# Discbine suggestions?



## Ross (May 9, 2002)

Tried an old 1411 NH (been through the wars) but cut very well. Can't really afford it (and it's not worth what they're asking) so what make and model of discbine under 10k could be worth looking at?


----------



## Up North (Nov 29, 2005)

Depends on how much tractor you have to pull it.
Most 12 or 13 foot wide models really should have 100 hp or larger tractor.

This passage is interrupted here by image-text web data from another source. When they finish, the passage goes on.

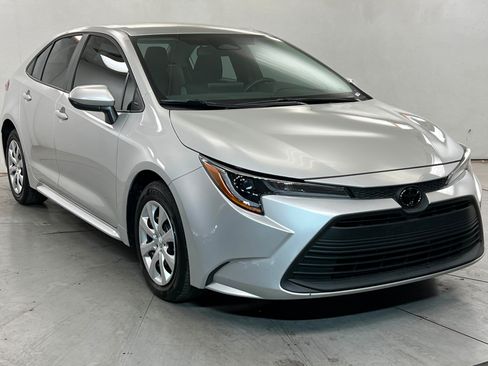 Used 2026 Toyota Corolla LE FWD image 8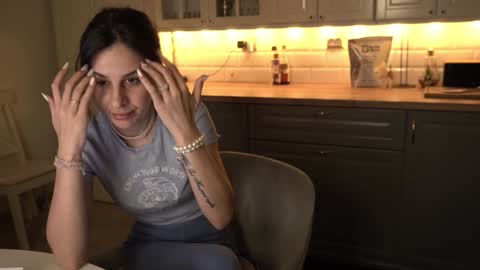 Victoria Maria online show from 01.11.25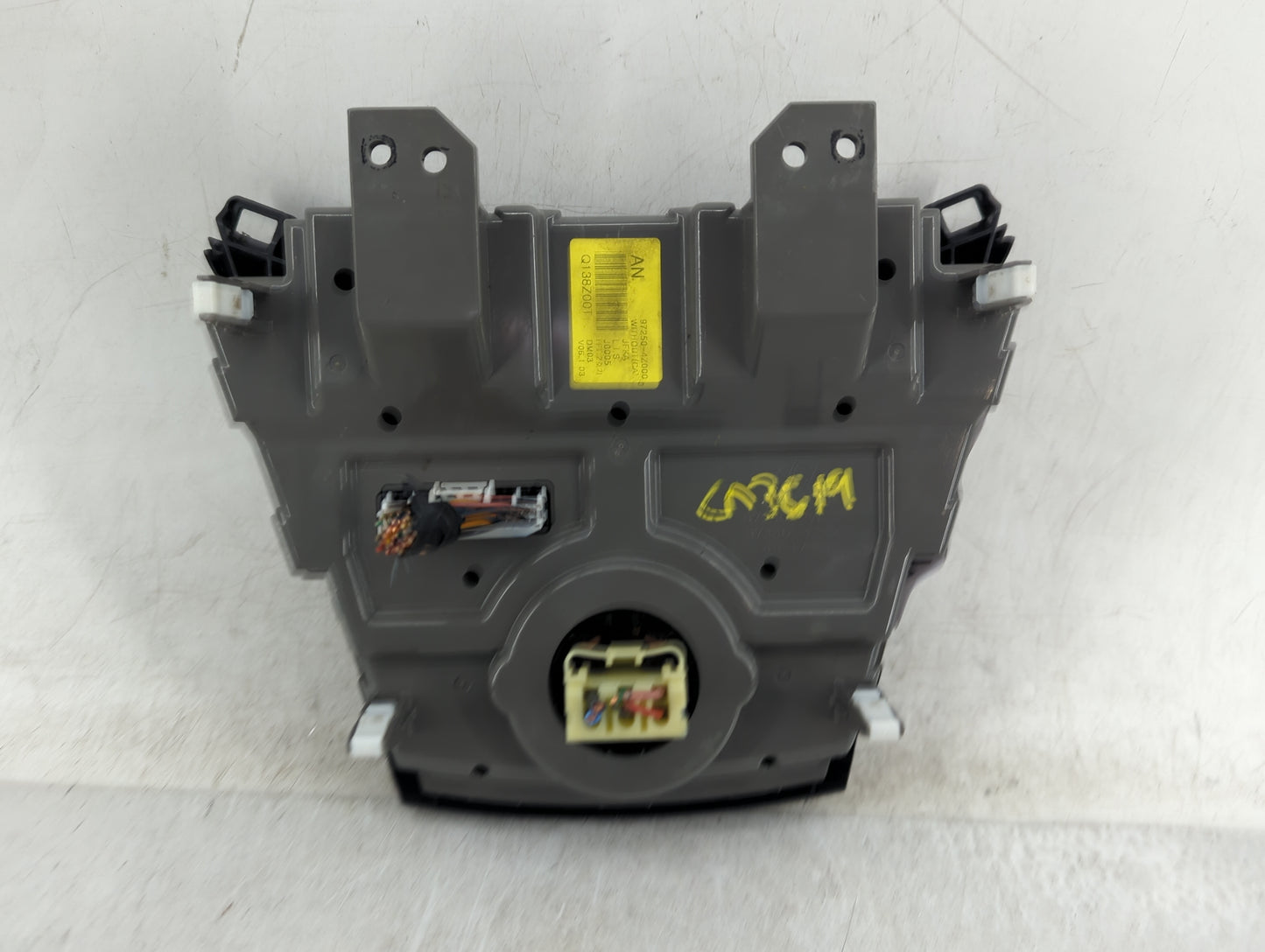 2013-2016 Hyundai Santa Fe Climate Control Module Temperature AC/Heater Replacement P/N:97250-4Z000 Fits Fits 2013 2014 2015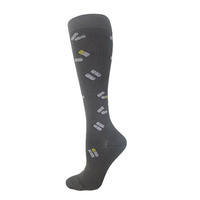 Jindi Forme élégante avec design sportif chaussettes de compression turquie logo personnalisé chaussures baskets femmes chaussette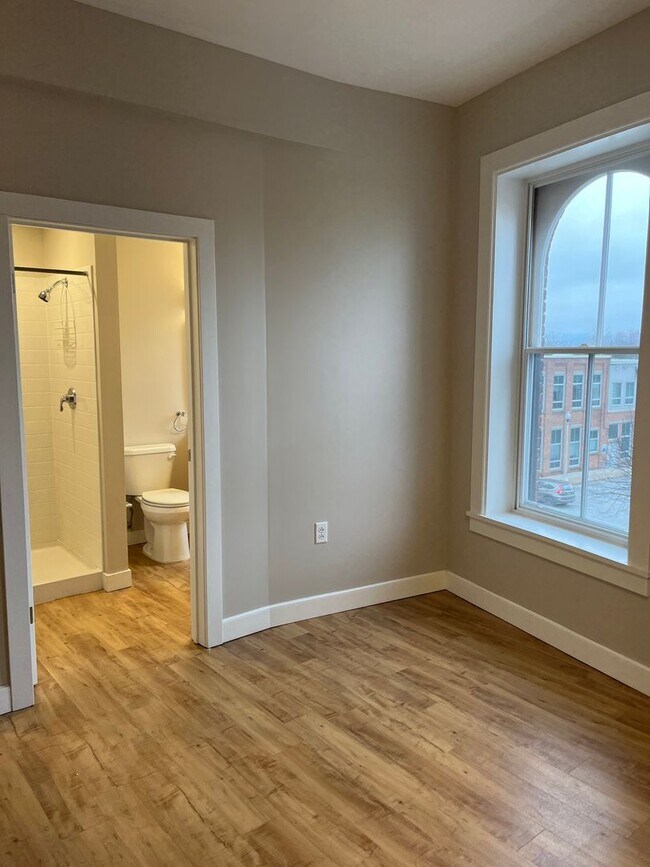 Putnam Winslow building 339 Main St Bennington VT 05201 Apartment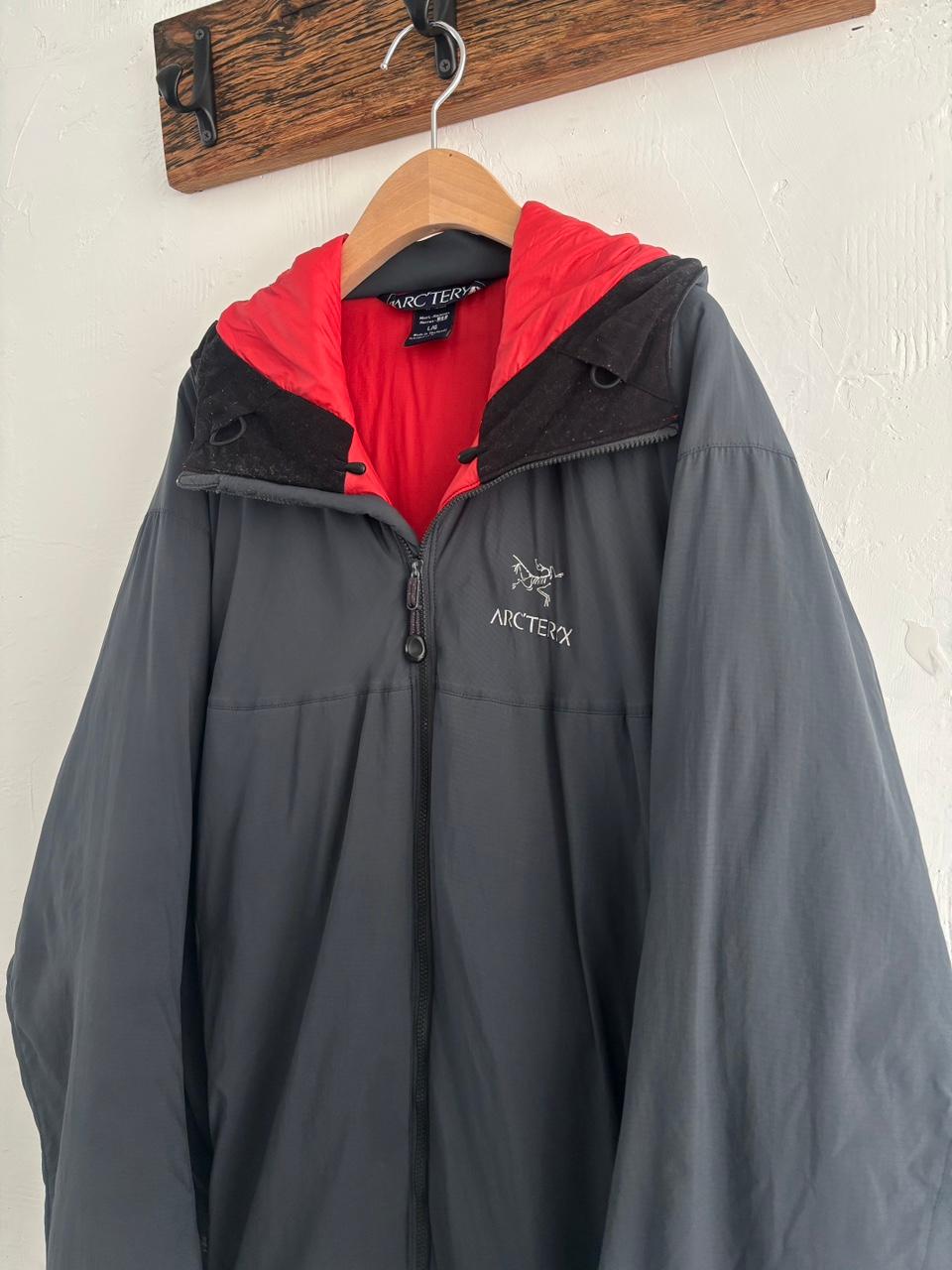 Arcteryx 아크테릭스 아톰 LT 후드 자켓 2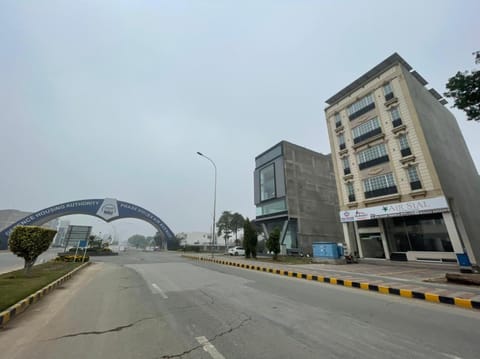Multazam Heights, DHA Phase 8 - Three Bedrooms Family Apartments Copropriété in Lahore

The Vermeer 12' side pull with regular drawbar is a good machine.
The Case-IH 8312 center pivot 12' wide is a good machine.
Hesston in the same machine is good- Not sure of model number but 1340? comes to mind.
JD 9' side pull is decent machine as well.


----------



## langoley (Jan 26, 2006)

You might look at tractor house dot com . They list them all over the country at all different prices and brands.


----------



## Ross (May 9, 2002)

The 1411 is 10 foot 8 inches and a JD 6415 85 hp pulled it along without much effort. Neighbor uses a Ford 6600 on his. I am looking at a side pull 10 footer because my other two tractors are a Ford 6600 and a 6710 so hopefully they could power it up too. No real hills around here


----------



## Up North (Nov 29, 2005)

Both the JD and the Vermeer had 9 to 10 foot side pull models that are good reliable machines.
Some of the Case-IH side pull models were built by New Idea. Don't know if they were good quality or not.

You may want to inspect the machines to see if they have conditioning rollers or the flailing hammers. Depends on what type of hay you harvest if the type of conditioning is important to you or not.


----------



## Ross (May 9, 2002)

Any thoughts on the flail conditioners? I grow mostly a mixed grass/clover or alfalfa hay. We've run NH and Hesston mo/co's side pull self propelled (which I liked) and they've always had either the Cheron rollers or the steel on rubber. Looked at an older NH 411 in very very good shape. $6500 so not too hard to buy I'm just a little concerned about parts supply as they don't use the same cutter bar any more.


----------



## sammyd (Mar 11, 2007)

Don't know about the modern ones but we used to have an old New Idea Cut-ditioner that used flails and Dad thought it was the best thing since sliced bread. We had mostly clover/timothy at the time, don't know how it would be with alfalfa.


----------



## Up North (Nov 29, 2005)

Ross said:


> Any thoughts on the flail conditioners? I grow mostly a mixed grass/clover or alfalfa hay. We've run NH and Hesston mo/co's side pull self propelled (which I liked) and they've always had either the Cheron rollers or the steel on rubber. Looked at an older NH 411 in very very good shape. $6500 so not too hard to buy I'm just a little concerned about parts supply as they don't use the same cutter bar any more.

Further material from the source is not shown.